Task brief >>
What follows is a set of records; restate each one word for word and drop the pictures.

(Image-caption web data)
──────────────────────────────

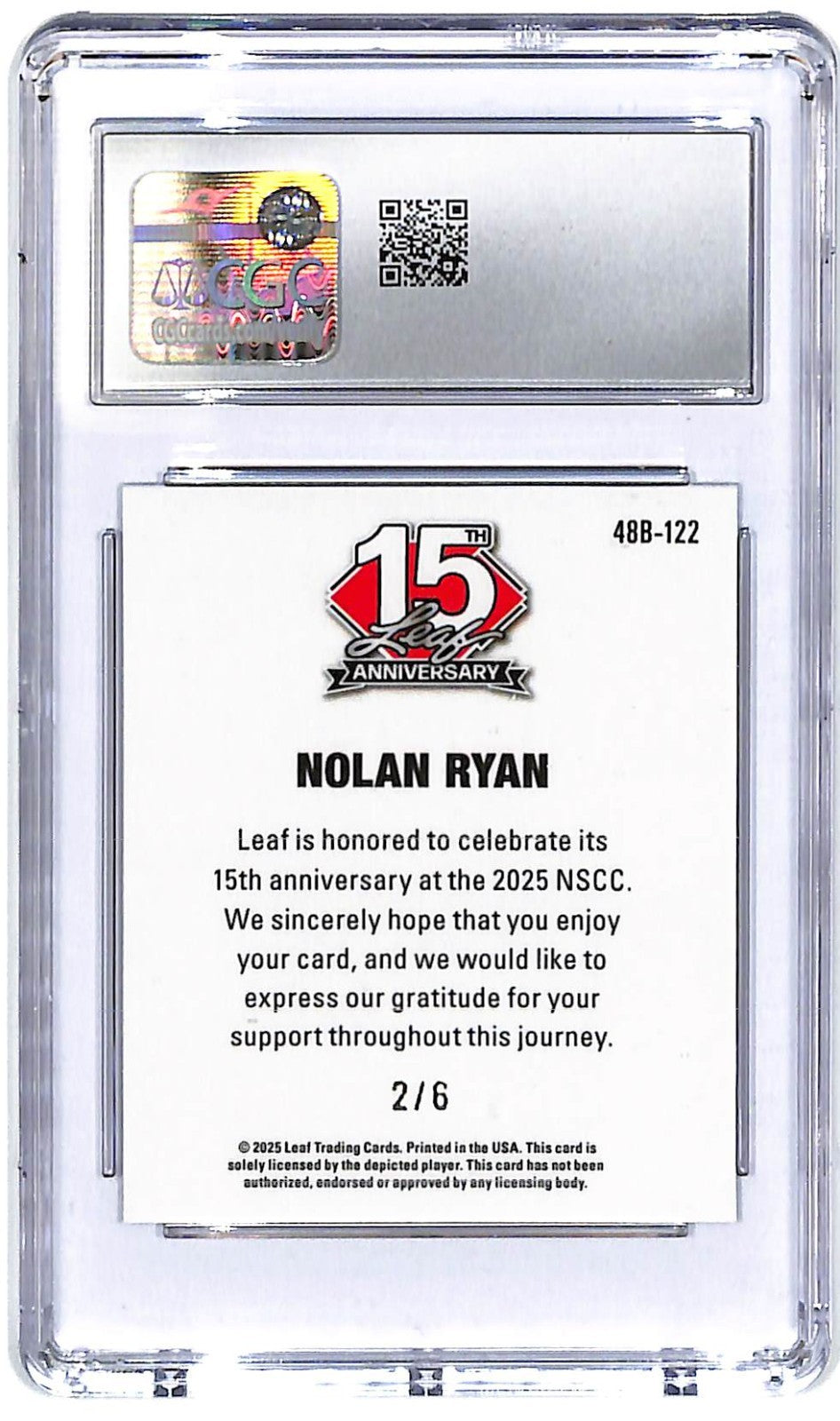 2025 Nolan Ryan Leaf 15th anniversary '48 Green Shimmer - 48B-122 #2/6 CGC 9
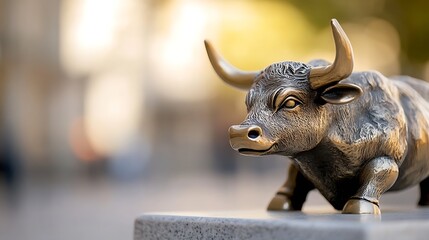 Beautiful close up of a bronze bull statue symbolizing strength and resilience in an urban setting : Generative AI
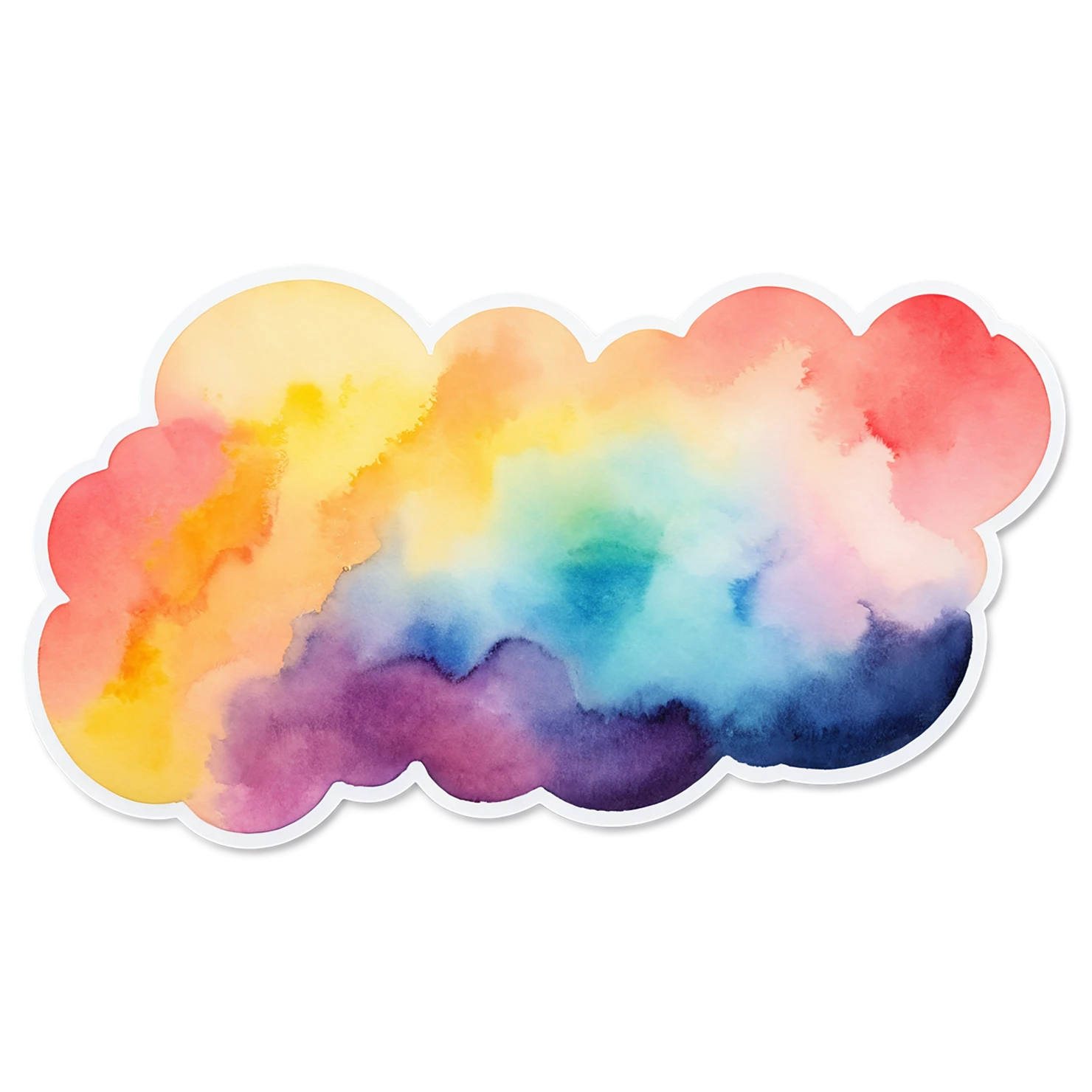 Rainbow watercolor sticker isolated on transparent background #21261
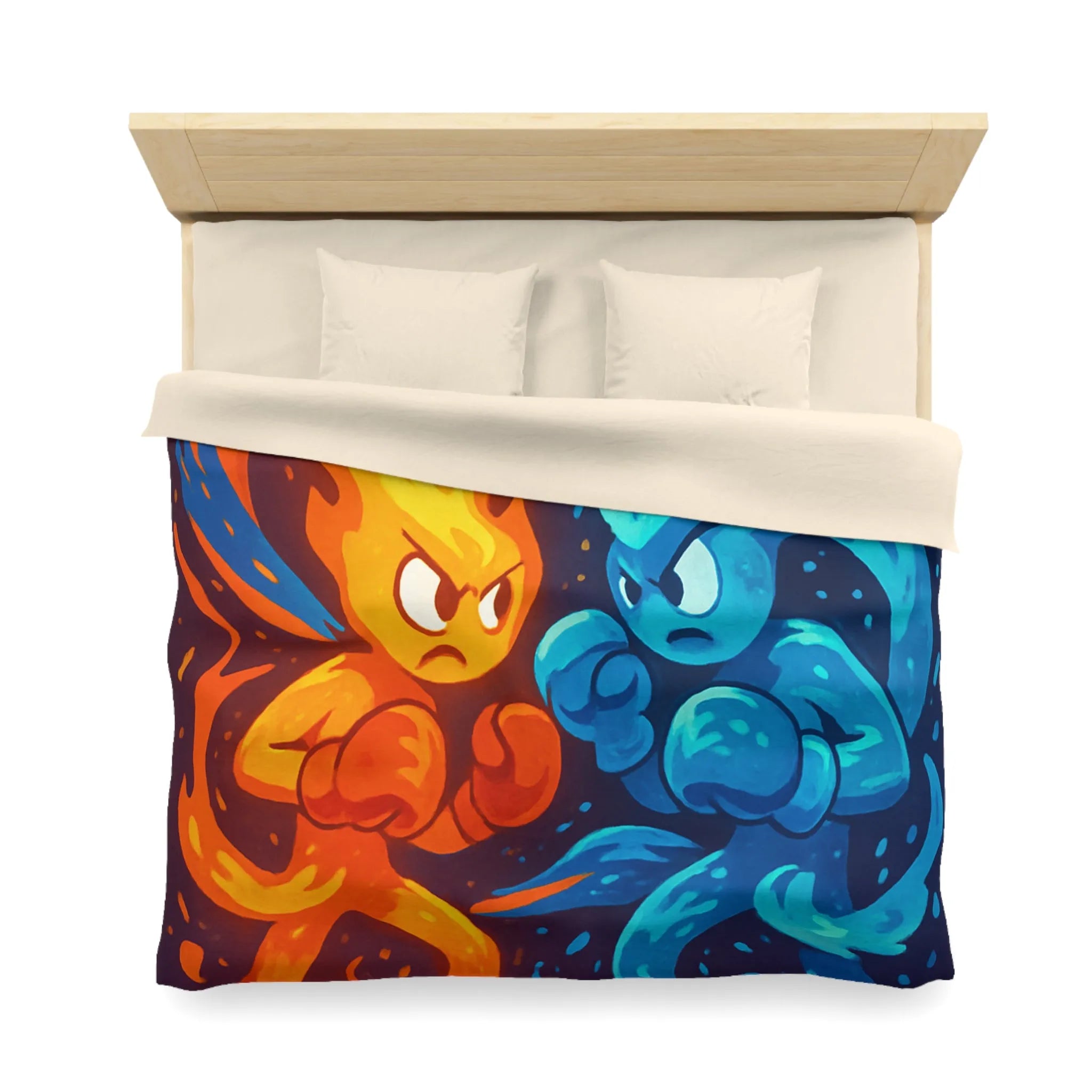 Housse de couette avec illustration dynamique de feu et eau s'affrontant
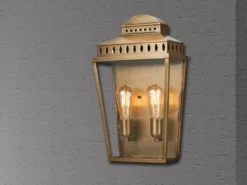 Außenwandleuchte MANSION HOUSE im Landhausstil, Altmessing Höhe 49cm
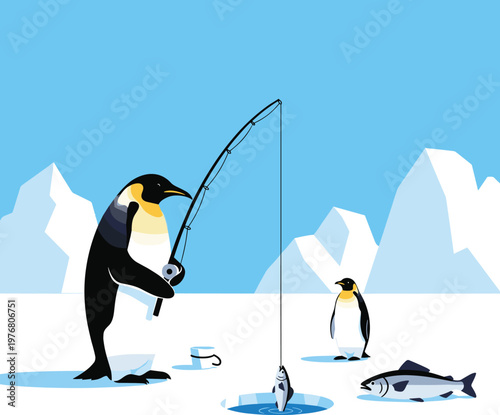 Penguins Fishing on Ice Floe with Captured Fish and Mountains Background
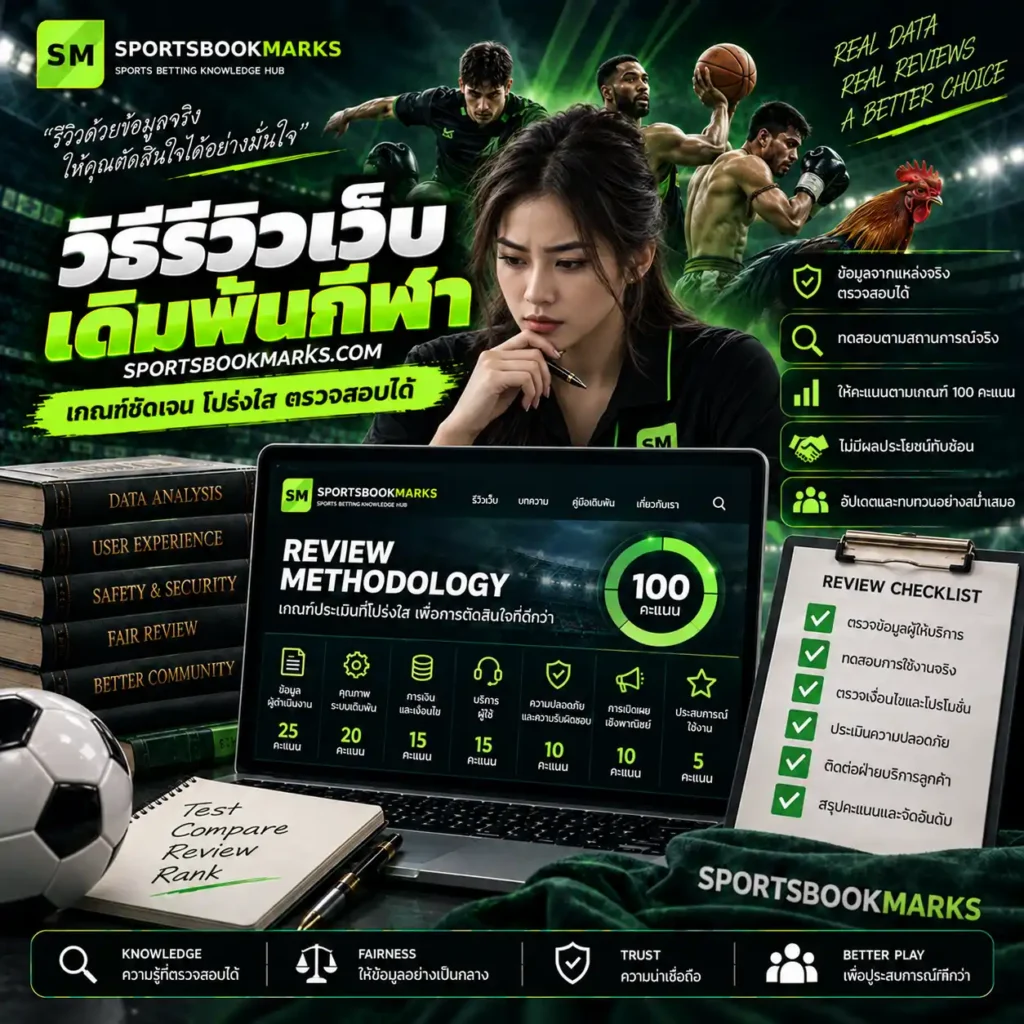 วิธีรีวิวเว็บเดิมพันกีฬา ผู้ตรวจสอบประเมินข้อมูลและให้คะแนนตามเกณฑ์ 100 คะแนน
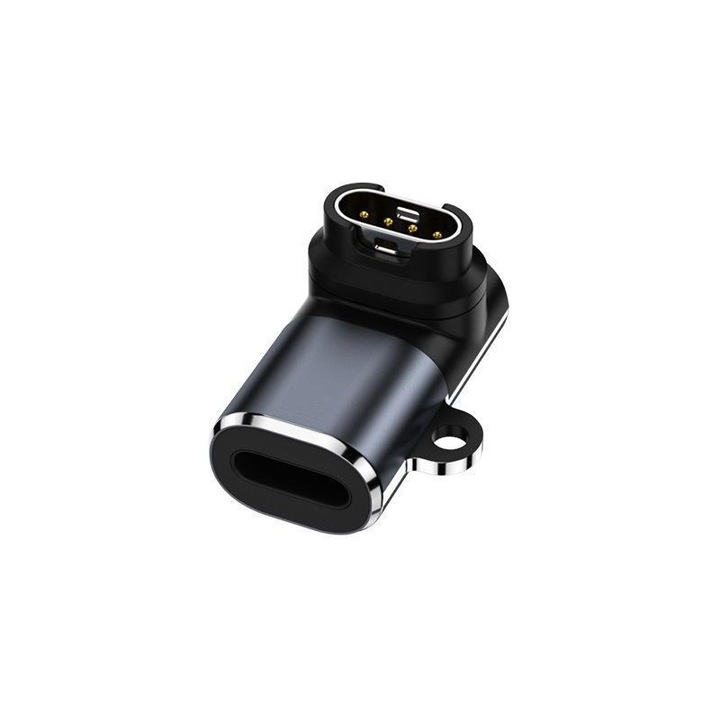 Adaptor de incarcare pentru Garmin Fenix 5/6/7, tip A unghi de 90 de grade, Lightning Femela la Garmin Mascul, compact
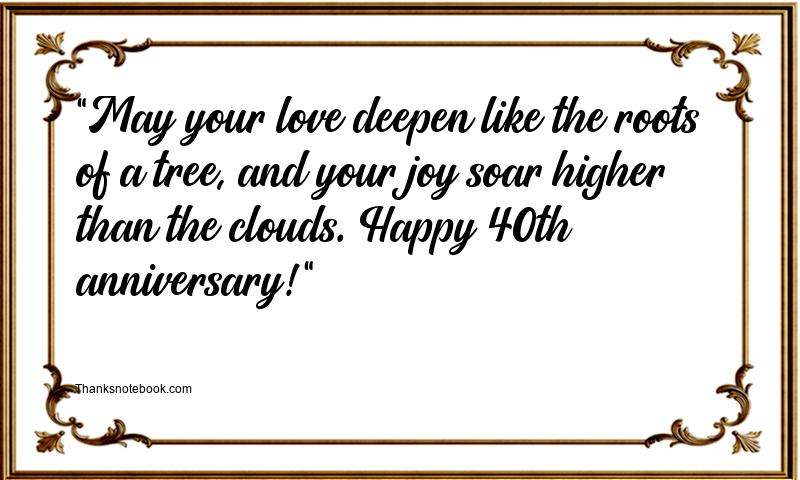 40th Wedding Anniversary Wishes for Son and Daughter in Law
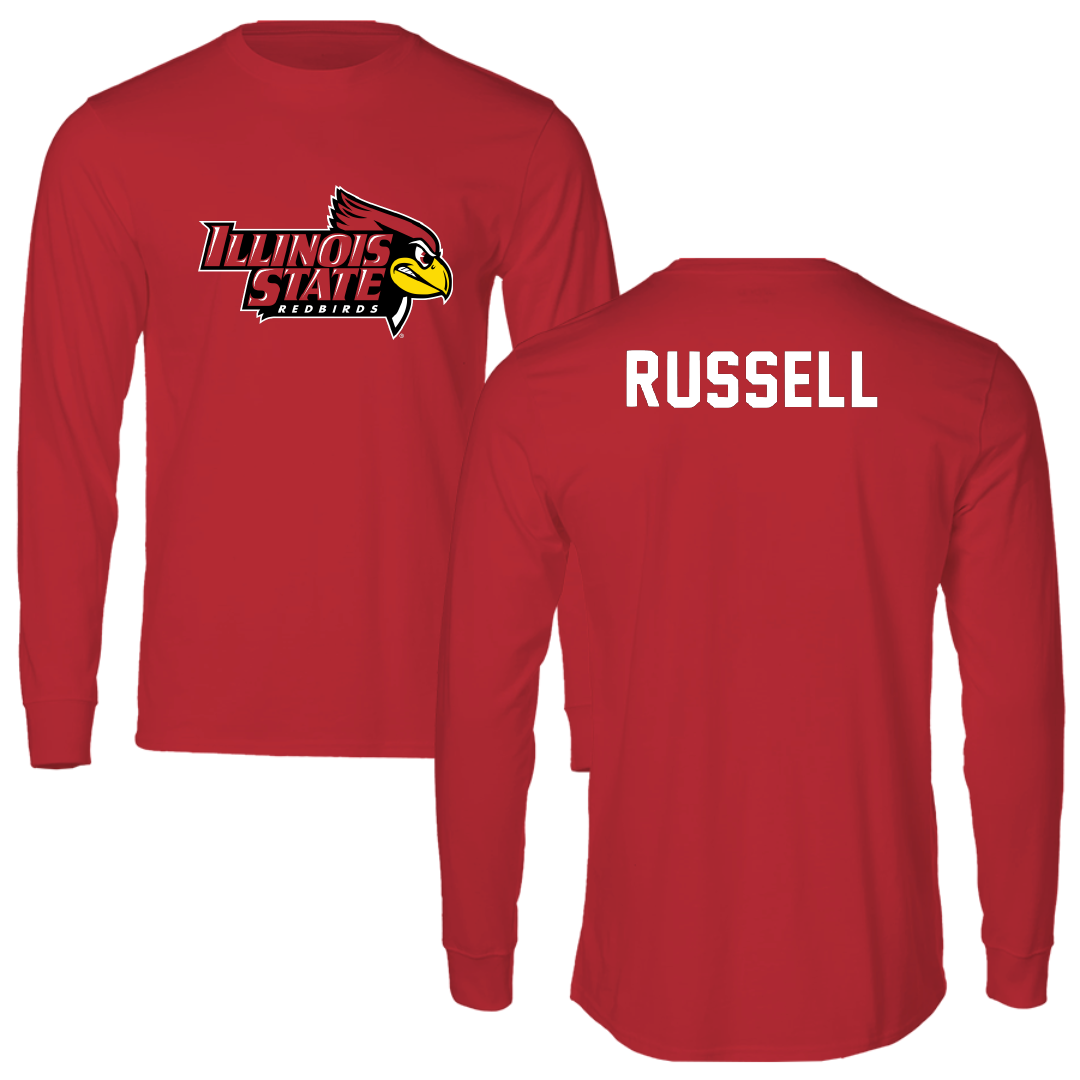Illinois State University Track and Field Red Redbird Performance Long Sleeve - Zion Russell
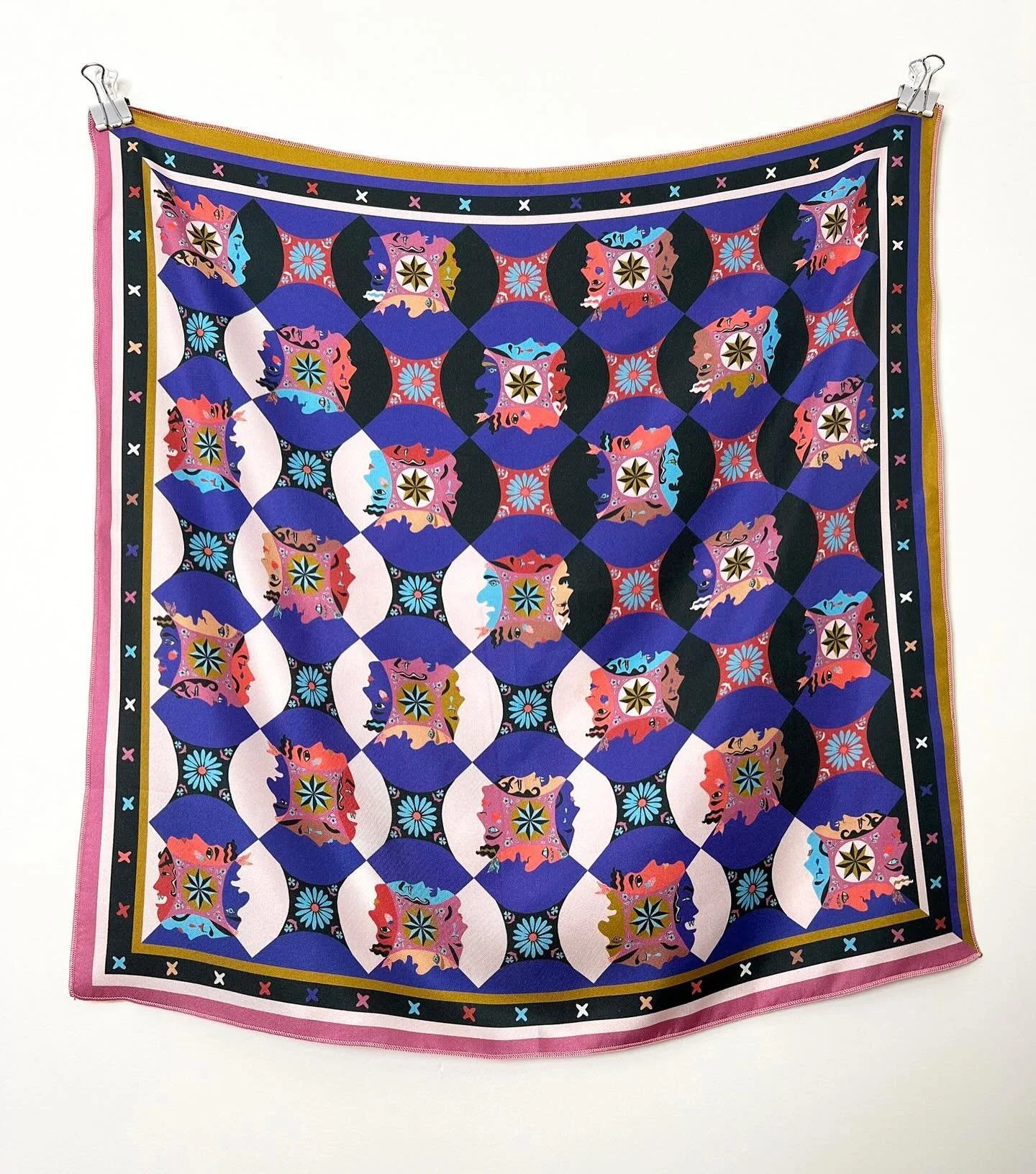 A winter talisman for anyone who needs it. 💜 Excited to share my *first* silk scarf! The All Seasons scarf in purple actually has two color options depending on how you fold it. White/purple or black/purple. 100% Silk Twill, limited run, ethically m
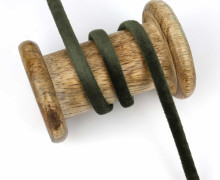 1m Samtschnur - Schmales Band - 6mm - Olivgrün Dunkel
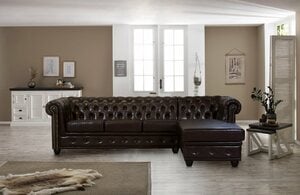 Home affaire Chesterfield-Sofa Rysum, Chesterfield-Optik mit Ottomanen-Abschluß, Braun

──────────────────────────────

Response to the task >>
 2025 Nolan Ryan Leaf 15th anniversary '48 Green Shimmer - 48B-122 #2/6 CGC 9
 Beautiful close up of a bronze bull statue symbolizing strength and resilience in an urban setting : Generative AI
 Rainbow watercolor sticker isolated on transparent background #21261
 Housse de couette avec illustration dynamique de feu et eau s'affrontant
 Außenwandleuchte MANSION HOUSE im Landhausstil, Altmessing Höhe 49cm
 Penguins Fishing on Ice Floe with Captured Fish and Mountains Background
 วิธีรีวิวเว็บเดิมพันกีฬา ผู้ตรวจสอบประเมินข้อมูลและให้คะแนนตามเกณฑ์ 100 คะแนน
 Adaptor de incarcare pentru Garmin Fenix 5/6/7, tip A unghi de 90 de grade, Lightning Femela la Garmin Mascul, compact
 40th Wedding Anniversary Wishes for Son and Daughter in Law
Illinois State University Track and Field Red Redbird Performance Long Sleeve - Zion Russell
 A winter talisman for anyone who needs it. 💜 Excited to share my *first* silk scarf! The All Seasons scarf in purple actually has two color options depending on how you fold it. White/purple or black/purple. 100% Silk Twill, limited run, ethically m
 1m Samtschnur - Schmales Band - 6mm - Olivgrün Dunkel
 Home affaire Chesterfield-Sofa Rysum, Chesterfield-Optik mit Ottomanen-Abschluß, Braun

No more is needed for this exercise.